As in the case of Herrera Beutler, the efforts by McCarthy and his partners have not always been successful. CLF was unable to defeat Sandy Smith, a pro-Trump candidate in North Carolina’s 1st District who faced past allegations of domestic violence. In Arizona, CLF and WFW Action spent about $1 million to support Republican Tanya Wheeless, only to watch her lose the primary to Kelly Cooper, who has challenged the legitimacy of the 2020 election and promised to seek the release of those arrested for storming the U.S. Capitol.
The Cawthorn race became a concern for McCarthy earlier this year, when the freshman member told a podcast about seeing cocaine use in Washington and being invited to sex parties. After meeting with McCarthy over the statements, Cawthorn blamed “the left and the media” for trying to use his comments to divide the GOP. His office did not respond to a request for comment for this article.
In the weeks before his primary, a group called Results for N.C. spent $1.7 million to defeat him and support his opponent. The National Association of Realtors, which gave $600,000 to CLF, gave $300,000 to the cause. A nonprofit that does not disclose its donors, Americans for a Balanced Budget, gave $830,000.
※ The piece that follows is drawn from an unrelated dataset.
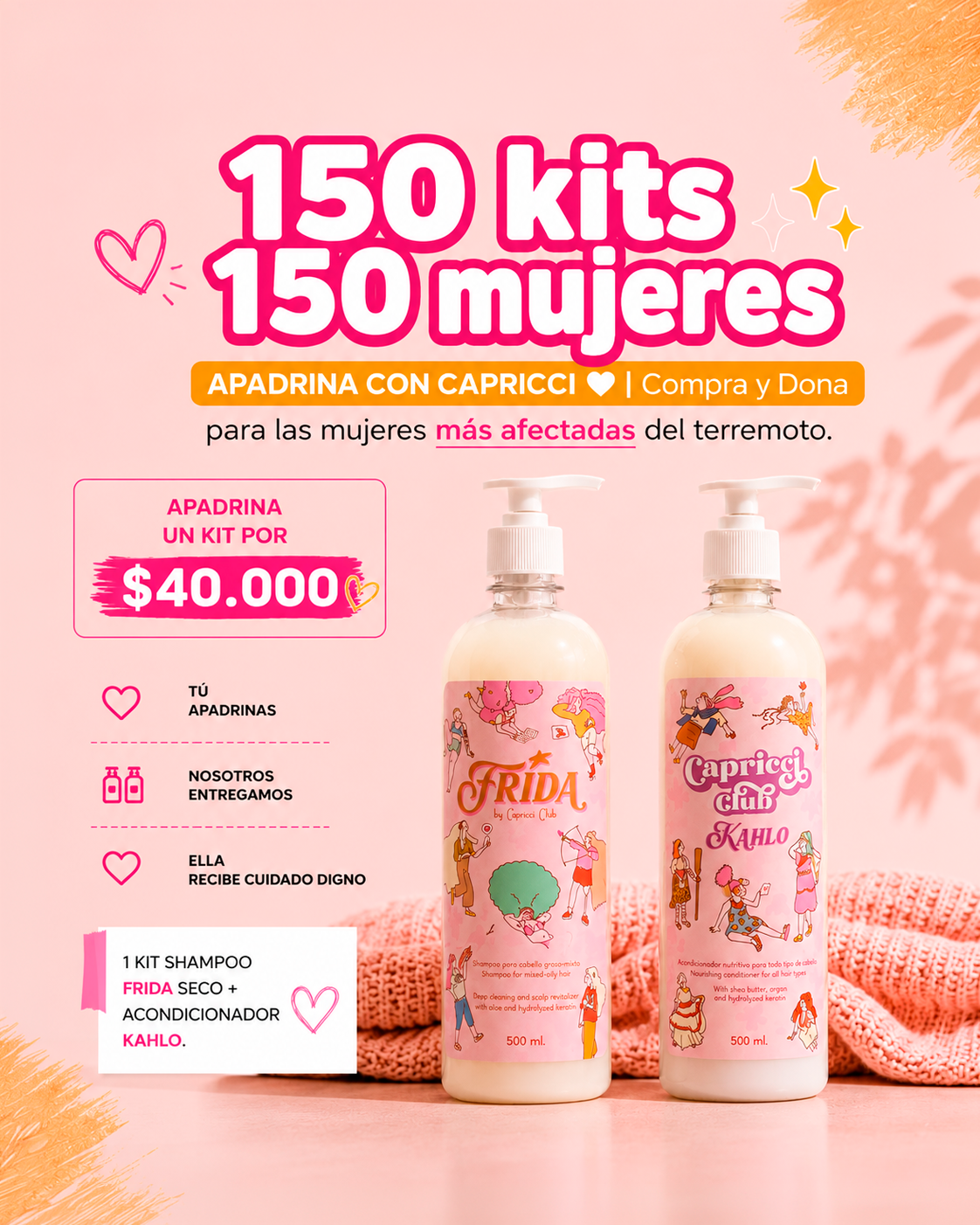 APADRINA CON CAPRICCI🤍 | Compra y Dona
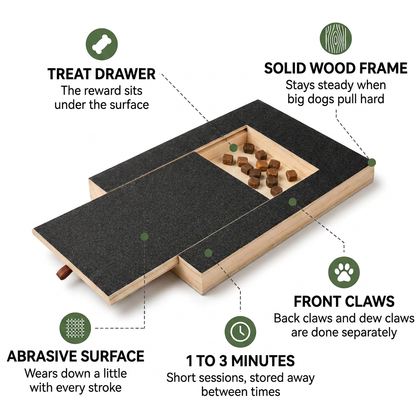 Norillo® - ClawPlay - The Nail File Your Dog Scratches On, No Holding Still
Most of the rest of the money, $700,000, came from Ryan Salame, an executive at crypto currency exchange FTX U.S., a major donor both to McCarthy’s own operation and to other groups backing McCarthy’s favored candidates. West Realm Shires Services, the corporate name used by FTX U.S., gave $750,000 to CLF in August. Advisers to Salame and FTX declined to comment.
But Mark Wetjen, the head of public policy and regulatory strategy at FTX, was invited with his family to McCarthy’s August donor retreat in Wyoming.